Published on April 4, 2008
Tension seems to be easing in the latest row between Thailand's mobile-phone operators.
Advanced Info Service (AIS) will allow Hutchison-CAT to create a direct link to its network, in order to ease call traffic jams.
CAT Telecom and AIS agreed on the move in a recent unofficial management meeting, said a CAT source. The meeting followed Civil Court action in which Hutch sought an injunction preventing the alleged blocking of calls from Hutch customers to the AIS network. AIS denies blocking the calls.
Hutch and CAT will create 100 and 300 circuits, respectively, to connect with AIS, while AIS will create 147 circuits to connect with CAT's Code Division Multiple Access (CDMA) 2000 1-x network, which covers 51 provinces.
There is presently no direct link between the networks of AIS and Hutch. Calls must be connected via TOT.
Hutch markets a CDMA cellular service covering 25 provinces
under a CAT contract.
Hutch sent a letter to CAT seeking talks over the alleged blocking of its calls.
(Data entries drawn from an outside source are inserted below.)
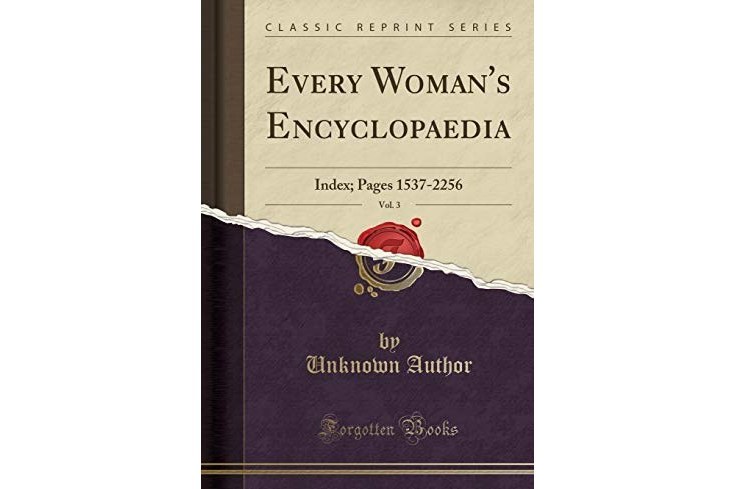 Every Woman\x27s Encyclopaedia, Vol. 3: Index; Pages 1537-2256 (Classic Reprint) Every Woman\x27s Encyclopaedia, Vol. 3: Index; Pages 1537-2256 (Classic Reprint)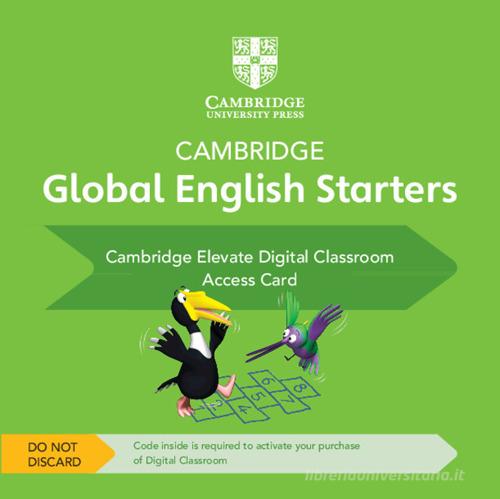 Cambridge global English starters. Digital Classroom Access Card. Per la Scuola elementare di Kathryn Harper, Gabrielle Pritchard, Annie Altamirano edito da Cambridge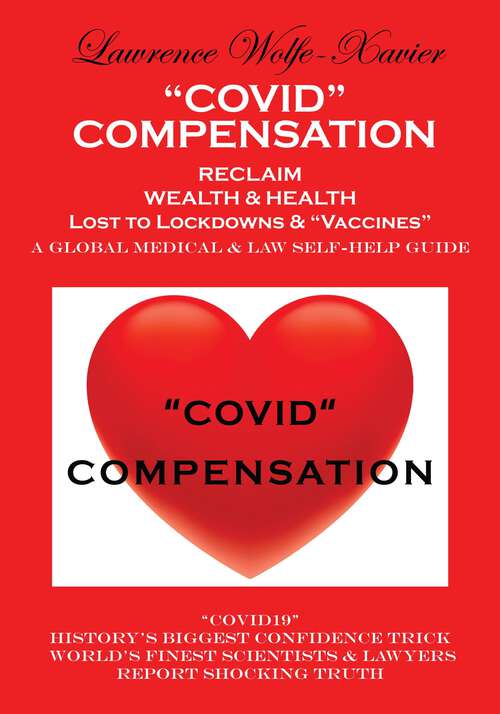 Book cover of “Covid” Compensation Reclaim Wealth & Health: Lost to Lockdowns & “Vaccines”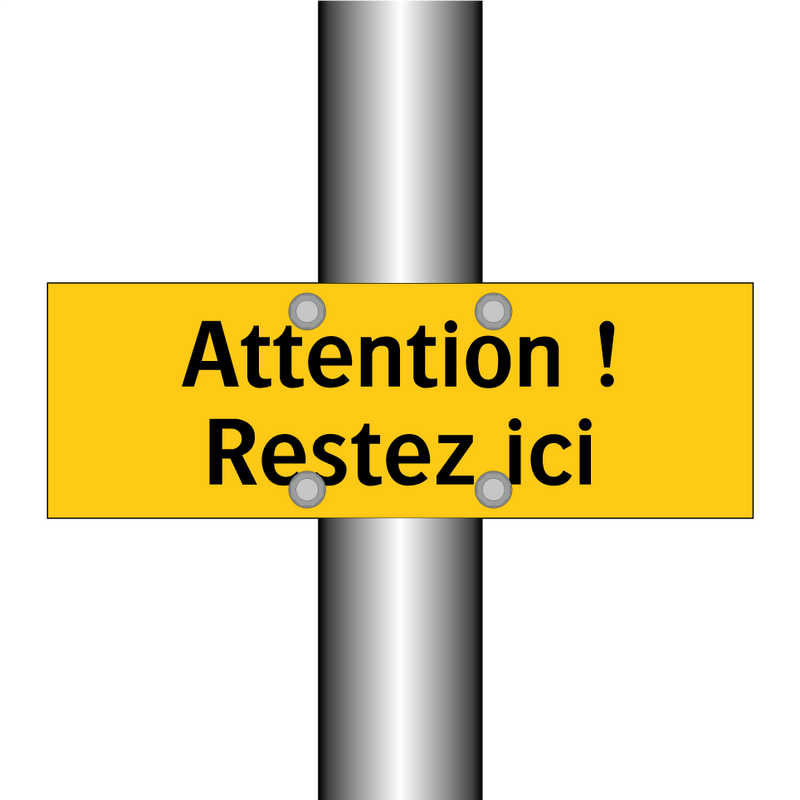 Attention ! Restez ici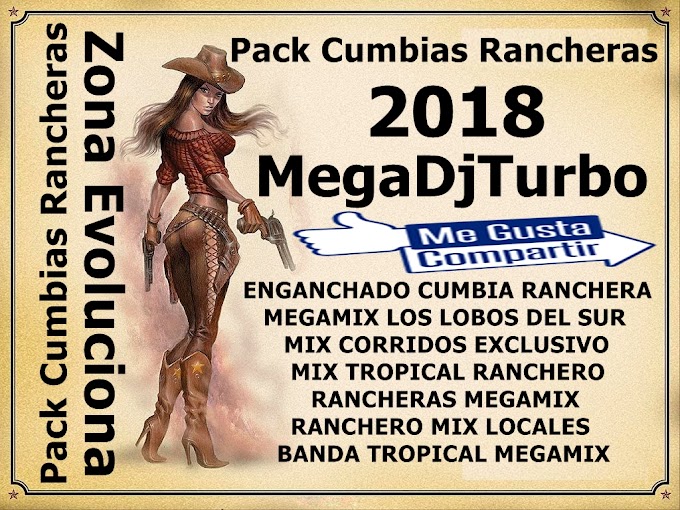Pack Cumbias Rancheras 2018 MegaDjTurbo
It was dated March 24 but arrived on March 28, the day that the Civil Court upheld Hutch's application for a temporary injunction preventing AIS from the alleged blocking of calls from Hutch's customers to the AIS network.
Hutch claimed that since early last month, its customers had encountered difficulty making outgoing calls to AIS customers.
AIS responded by saying it would charge Hutch before the National Telecommunications Commission (NTC) with dumping call prices, a move it said was affecting other networks.
AIS said Hutch's call traffic to its network reached 7 million minutes a day last month, up from 6.8 million minutes a day in February. This had caused congestion in some routes within TOT.
The NTC's Consumer Protection Institute will meet with Hutch today and AIS next Tuesday to investigate the case, following complaints from Hutch subscribers about alleged difficulties in connecting to AIS's network.
Industry analysts say the problem stems from the lack of an interconnection-charge agreement between AIS and Hutch. AIS, Total Access Communication and True Move all have bilateral interconnection agreements, following deals last year in which they settled on an interconnection-fee rate of about Bt1 per minute.
The interconnection regulations require a calling network to pay an interconnection fee to a receiving network.
Hutch, which has only 1 million subscribers, has yet to reach an interconnection agreement with any telecom operator. It has proposed payment of 21 satang a minute.
AIS and CAT will soon begin negotiations on interconnection rates.
AIS says it hesitated to discuss possible interconnection rates with Hutch earlier because of TOT's opposition to the NTC's interconnection regulations.
However, AIS has already booked revenue from interconnection fees to its revenue despite TOT's opposition.
An NTC source said an advisory team had proposed an interim interconnection rate of about 45 satang a minute be imposed on all telecom operators unable to reach bilateral agreements.
The NTC has yet to consider that proposal.